WORK INSTRUCTIONS: Going from the top of the listing below to the line that holds "There are game", reproduce each line exactly; no pictures.

*** INFORMATION SUPPLIED ***

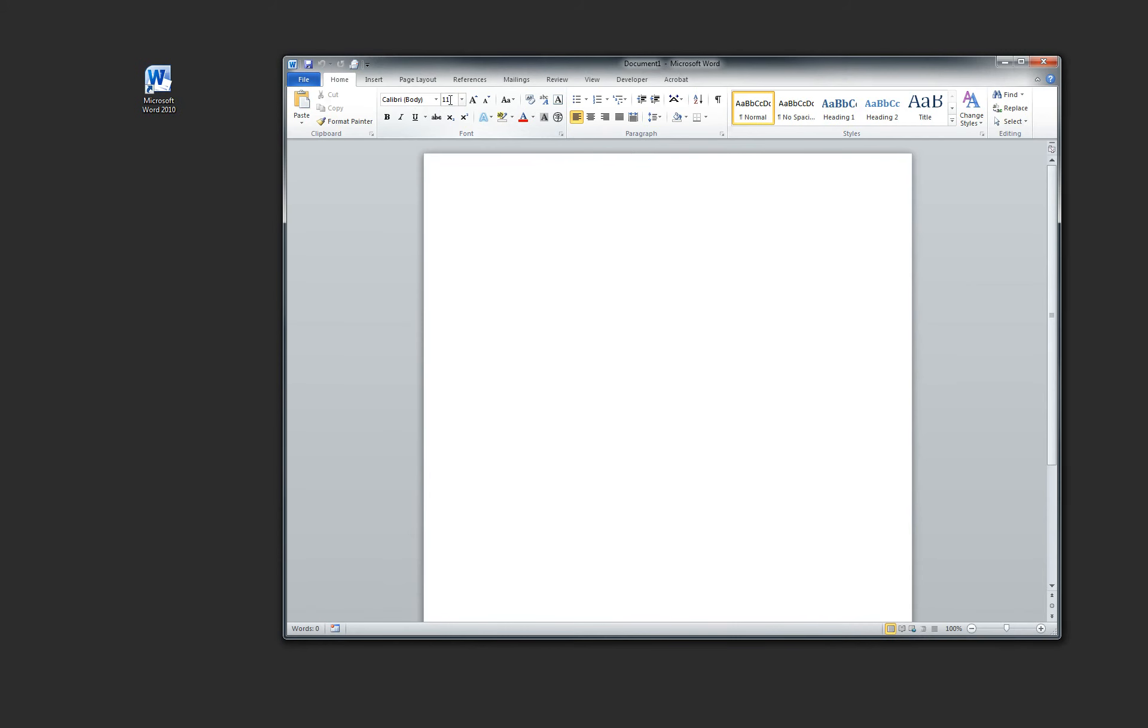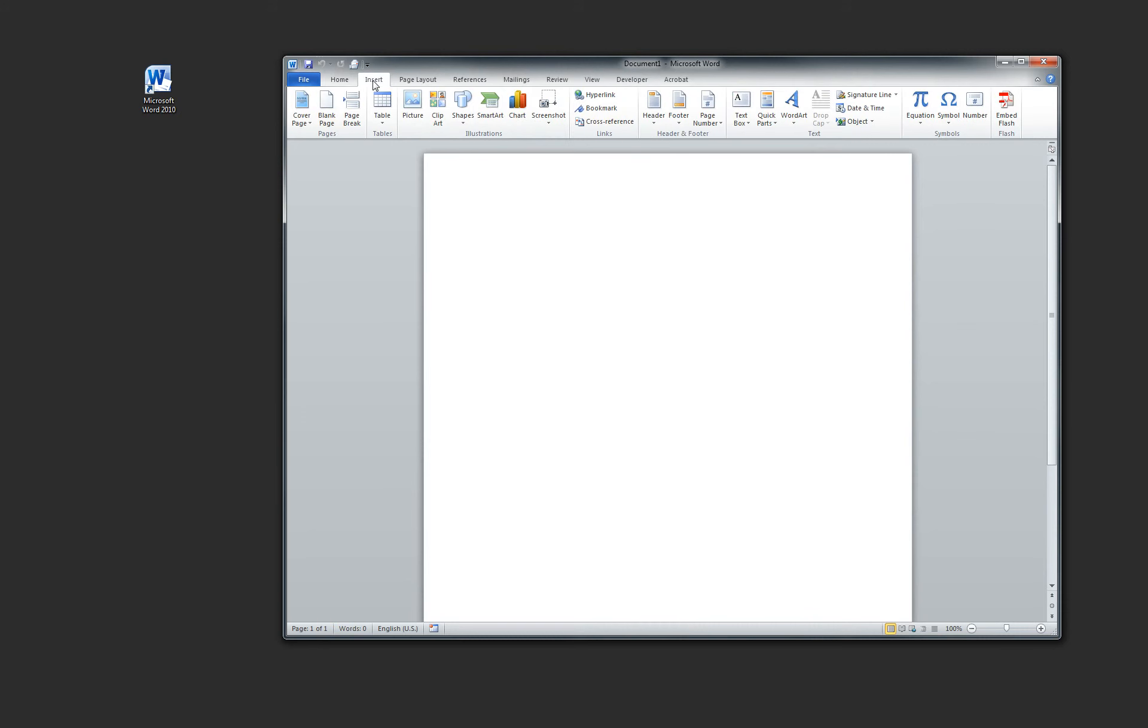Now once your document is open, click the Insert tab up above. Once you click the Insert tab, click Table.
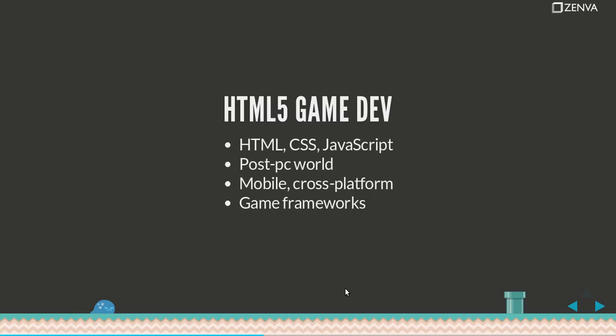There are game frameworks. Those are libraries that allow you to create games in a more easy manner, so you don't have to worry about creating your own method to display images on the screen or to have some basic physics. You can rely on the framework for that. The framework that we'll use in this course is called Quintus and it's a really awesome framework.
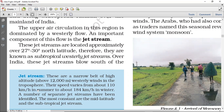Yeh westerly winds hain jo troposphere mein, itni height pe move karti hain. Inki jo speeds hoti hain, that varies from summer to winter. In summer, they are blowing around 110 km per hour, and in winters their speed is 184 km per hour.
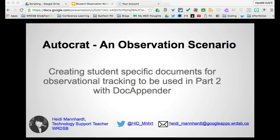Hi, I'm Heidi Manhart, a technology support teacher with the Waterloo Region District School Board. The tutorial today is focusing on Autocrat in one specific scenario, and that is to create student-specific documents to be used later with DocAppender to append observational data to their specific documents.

***

SOLUTION FOR THIS EXERCISE:
Now once your document is open, click the Insert tab up above. Once you click the Insert tab, click Table.
There are game frameworks. Those are libraries that allow you to create games in a more easy manner, so you don't have to worry about creating your own method to display images on the screen or to have some basic physics. You can rely on the framework for that. The framework that we'll use in this course is called Quintus and it's a really awesome framework.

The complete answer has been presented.